The City of Portland Water Pollution Control Laboratory began to face an increasing level of analytical and operational complexity in their daily activities. Unfortunately, their laboratory information management system (LIMS) didn’t have the functional capabilities to meet their evolving needs.
The leadership team looked for ways to automate many of the manual data entry tasks related to sample login, laboratory analysis, QC management, and report preparation and publication. After a lengthy public proposal process, the lab implemented Element LIMS from Promium.
Located in the City of Portland, Oregon, the Water Pollution Control Laboratory, is part of the Portland Bureau of Environmental Services Pollution Prevention Services group. The laboratory supports all the environmental testing needs of the City of Portland and some surrounding areas. That includes analyzing treatment plant effluent, industrial waste discharges, stormwater, rivers and streams, and soil from construction sites. On average, the lab performs 50,000 analyses on about 17,000 samples each year.
For over a decade, the laboratory had been using a commercial but customized laboratory information management system to help manage analytical and operational activities. While this system was adequate in the early years, as regulations, technologies, and standards have evolved the LIMS has not be able to keep pace with functionality. A desire for the Laboratory to become NELAC certified put additional pressure on the organization and the system.
The old LIMS software was out of date, not very user friendly and just couldn’t generate reports the way the laboratory wanted. “It wasn’t flexible, we couldn’t do all the types of reporting that we wanted to, and we couldn’t get instrument data downloaded [to the LIMS],” said Jennifer Shackelford, QC Coordinator and LIMS Administrator for the laboratory.
The laboratory would frequently have to go outside of the system to get things done—particularly with regard to reporting. Most data had to be hand entered. It could take on average about 15 minutes to enter information from just two samples. That manual effort took time away from other important tasks. And the existing system couldn’t comply with the growth and increasing complexity of regulatory requirements.
The City undertook a formal process to replace their existing information management infrastructure. A selection committee was assembled and a very detailed RFP (request for proposal) was issued. Five viable candidates submitted bids. After a first pass review of capabilities, the list was reduced to three vendors. The short-listed vendors did on-site demonstrations and presented system functionality. Selection criteria included the ability to handle data, ease of implementation, and a consideration for how soon the system could be implemented.
The team decided they wanted a system that was already designed for environmental testing instead of a more generic system that was highly customized to meet their needs. The concern was about the tradeoff between chasing an ideal of a perfect system and the reality of creating a never-ending project. “We didn’t want to spend two years setting up this program with ultimate flexibility but nothing set up for an environmental lab. We’d much rather go for something already set up for an environmental lab,” said Shackelford.
At the end of the review process, Element LIMS from Promium was selected. Implementation and training began during the summer months and was completed in late Fall before the holiday season. “We could have built the ultimate system and it would have taken a long time and we might still be in the process of implementing it. Instead we bought a system that matched a lot of what we wanted to do. It has the parts that we needed instead of having to think them up and program them in.”

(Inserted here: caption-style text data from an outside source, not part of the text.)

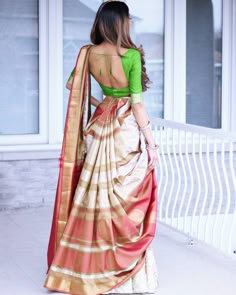 1,914 Likes, 18 Comments - Tia (@tiabhuva) on Instagram: “This drape is all about the back To learn how to do this drape - click the link in my bio ❤” Draping Ideas, Different Types Of Sarees, Saree Drapes, Saree Drape, Mehendi Outfit, Draping Styles, Saree Draping Styles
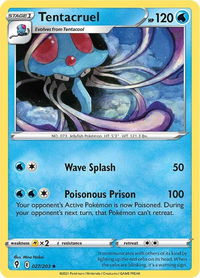 Tentacruel - SWSH07: Evolving Skies (SWSH07) #027/203 - Uncommon Pokémon Trading Card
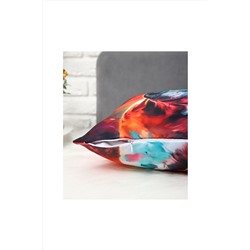 Наволочка декоративная атласная "Бульдог" 45х45см интерьерная НАТАЛИ, 1099607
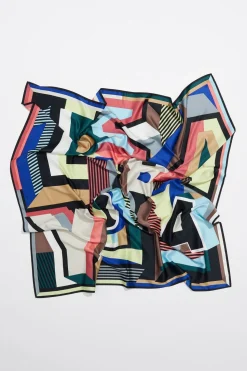 Sale BIMBA Y LOLA Panuelo Logo Geometrico 3D Multicolor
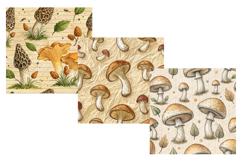 Vintage Mycologist&#039;s Journal Seamless Pattern, Digital Paper Product Image 5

Since the implementation was completed, the laboratory has seen a noticeable improvement in productivity and quality. Eliminating the hand entry of data was instrumental. This was especially true for 8260 and 8270 test methods. The task of entering sample information went from an average of up to fifteen minutes for two samples to the ability to enter an entire run—maybe thirty-five samples over two days—in the same time frame. Even for smaller tests like BOD and TSS, the technicians don’t have to do the calculations manually any more. Element LIMS does them automatically. “We don’t have to have to worry about calculations, we just check to make sure it looks normal and correct any red flags that might show up and that’s that. Instead of having to do the hand calculations, and then the hand data entry, and then checking the calculations, and then checking the hand data entry. So we’ve taken it from four steps to one or two. For the big instruments like ICP-MS and GC-MS that’s a huge time saver,” said Shackelford.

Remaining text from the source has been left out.